▸ What to work on
The answer is to be the data below, written out in full and exactly.

▸ Collected material
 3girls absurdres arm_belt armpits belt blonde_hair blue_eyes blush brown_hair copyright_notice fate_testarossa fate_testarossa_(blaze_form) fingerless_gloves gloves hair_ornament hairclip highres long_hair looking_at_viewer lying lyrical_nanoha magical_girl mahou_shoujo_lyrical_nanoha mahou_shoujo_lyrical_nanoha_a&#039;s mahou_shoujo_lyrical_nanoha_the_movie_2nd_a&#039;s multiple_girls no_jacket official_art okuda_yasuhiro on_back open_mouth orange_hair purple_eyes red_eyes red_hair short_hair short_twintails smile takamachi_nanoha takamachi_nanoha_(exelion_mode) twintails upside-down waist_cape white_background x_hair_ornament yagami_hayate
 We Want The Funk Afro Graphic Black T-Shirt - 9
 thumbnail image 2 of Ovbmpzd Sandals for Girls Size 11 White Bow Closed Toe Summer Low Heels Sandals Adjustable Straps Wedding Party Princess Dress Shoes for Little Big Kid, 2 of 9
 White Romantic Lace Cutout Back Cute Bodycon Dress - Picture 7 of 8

▸ Result of this task
 3girls absurdres arm_belt armpits belt blonde_hair blue_eyes blush brown_hair copyright_notice fate_testarossa fate_testarossa_(blaze_form) fingerless_gloves gloves hair_ornament hairclip highres long_hair looking_at_viewer lying lyrical_nanoha magical_girl mahou_shoujo_lyrical_nanoha mahou_shoujo_lyrical_nanoha_a&#039;s mahou_shoujo_lyrical_nanoha_the_movie_2nd_a&#039;s multiple_girls no_jacket official_art okuda_yasuhiro on_back open_mouth orange_hair purple_eyes red_eyes red_hair short_hair short_twintails smile takamachi_nanoha takamachi_nanoha_(exelion_mode) twintails upside-down waist_cape white_background x_hair_ornament yagami_hayate
 We Want The Funk Afro Graphic Black T-Shirt - 9
 thumbnail image 2 of Ovbmpzd Sandals for Girls Size 11 White Bow Closed Toe Summer Low Heels Sandals Adjustable Straps Wedding Party Princess Dress Shoes for Little Big Kid, 2 of 9
 White Romantic Lace Cutout Back Cute Bodycon Dress - Picture 7 of 8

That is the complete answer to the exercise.